Some 79% of European banks are currently in the process of migrating cards platforms according to the 4th annual cards migration report published by TietoEVRY. The research assesses the state of migration to new cards platforms among banks in Europe and this year’s figure is significantly up from 60% just two years ago.
4th annual cards migration report – other key takeaways
- A majority of banks (56%) currently in the migration process prefer a gradual implementation of the new card platform as opposed to a one-and-done switch;
- 45% of banks in the migration process choose to work with external partners to ease certification of car schemes and provide expertise in migration processes, and
- The key driver of migration (60%) is that existing legacy systems no longer serve modern-day needs.
Tietoevry says its research findings reflect the growing complexity of the modern payments landscape. In addition to familiar card payment methods such as credit and debit, modern-day payments such as A2A (account-to-account), instant payments, Request to Pay (R2P), e- and m-Commerce have created new demands on legacy systems, which often can’t hold up.
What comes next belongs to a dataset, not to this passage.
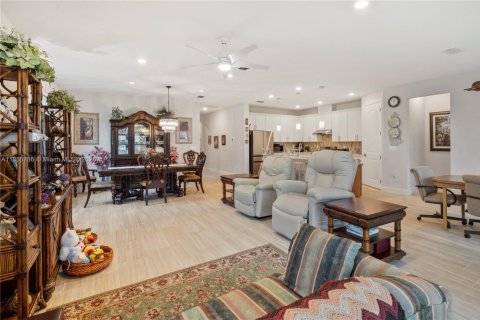 House in Port St. Lucie, Florida 2 bedrooms, 190.91 sq.m. № 1878005 - photo 7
Regulatory headwinds boost the need to upgrade systems
At the same time, regulations such as SCT-Inst and PSD3 add urgency to the need to upgrade systems to facilitate flexibility in the evolving payments landscape.
Olexander Osadchuk of the Ukrainian Processing Center (UPC) confirmed that compliance and fast-rising business volumes had driven their decision to migrate to new card systems: “We needed a system that is fully PCI DSS compliant and also compliant with the requirements of international payment systems. That, together with the complexity of our legacy systems and growing business volumes, persuaded us of the need to change two years ago.”
Rising cost pressures of maintaining legacy platforms
Banks are feeling the pressure to begin migration processes, as the cost of migration is expected to rise as time passes. A study by McKinsey found that some banks are already spending up to 70% of their IT budget on the maintenance of legacy platforms.
“Consultants and analysts have been pointing out for some time that legacy systems are too expensive and time-consuming to maintain. Now it looks as though the speed and scope of change in the payments market have driven banks to the same conclusion,” said Valdis Janovs, Head of Instant, Retail Payments and Cards at Tietoevry Banking.
“At Tietoevry Banking, we combine market-leading systems and technical knowledge with decades of deep experience of managing migration projects. We are therefore ideally positioned to structure and develop banks’ migration timelines, manage the implementation and “go-live” of their projects and advise them on their approaches to clients, senior management and internal and external partners – including regulators.”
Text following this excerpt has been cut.